The stewards thought of themselves as the "crème de la crème." They were proud of their work. They were not the simple snobs that Melody Clutterbuck imagined. It was she who was the snob. These men were perfectionists. They were as proud as glass blowers. They had been tricked. They expected to serve people who would respect, or at least recognize, their finesse; but instead they found a preponderance of colonial bullies who wished to lord it. Down in second class there was a Mr Borrodaile, a rich and argumentative man who got drunk and threw biscuits down the ventilator.

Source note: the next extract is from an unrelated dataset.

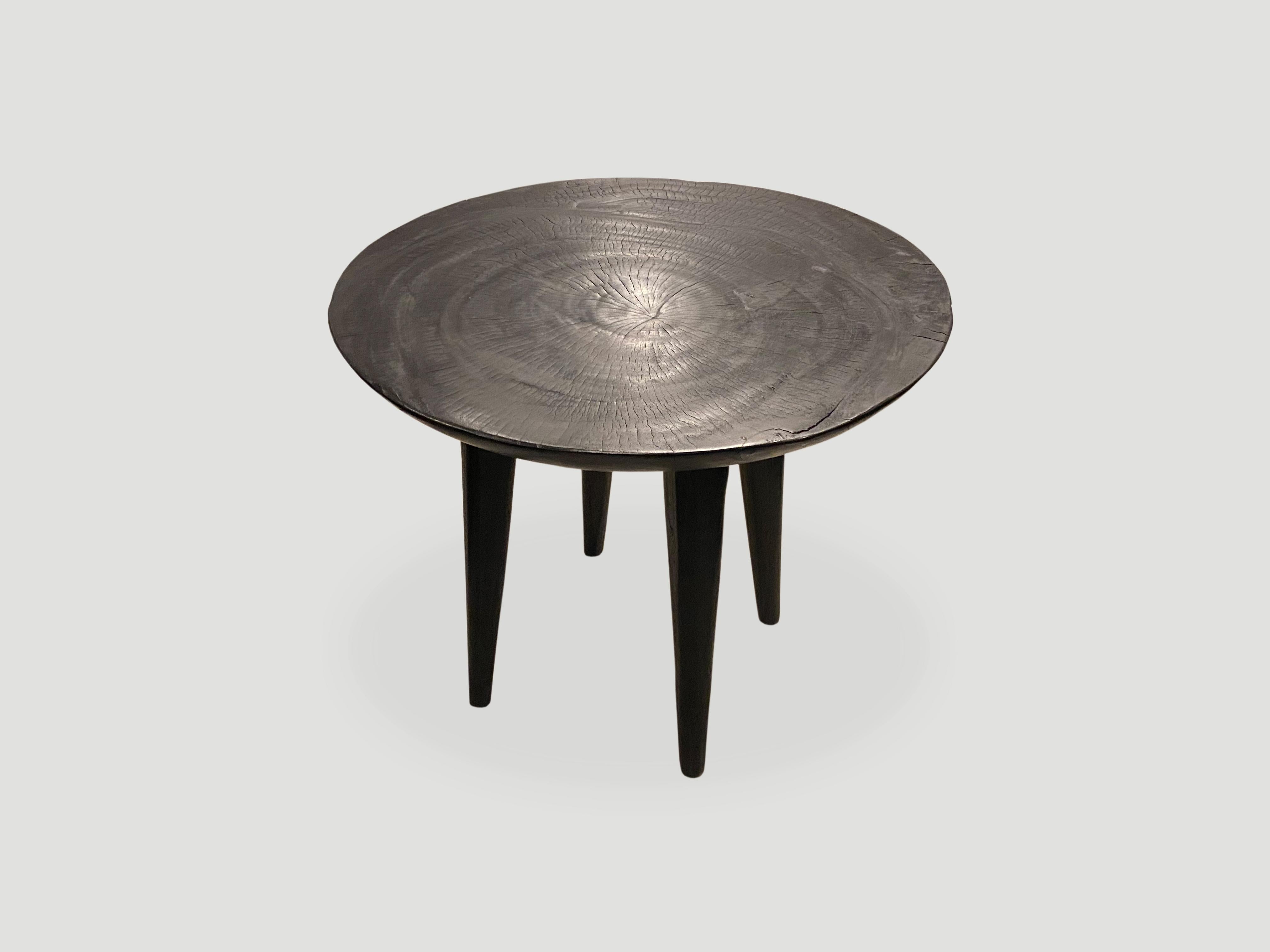 Minimalist charred mango wood side table with a four inch bevelled top resting on cone style legs. Charred, sanded and sealed revealing the beautiful wood grain. Custom stains and finishes available. Please inquire.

Lucinda liked them all without seeing them. She would like to sit around a table with them. They could smoke and have a drop too much. She would not mind.
She did not belong in this stateroom with its vast curved empty space, its maroon carpets, its shiny icing of luxury. She did not even belong in the clothes, smart clothes from Marian Evans's dressmaker in the Burlington Arcade, and she recognized, the first night in her stateroom, with Barchester Toivers resting in her lap, that it was only at Mr d'Abbs's house that she could be relaxed amongst ordinary people.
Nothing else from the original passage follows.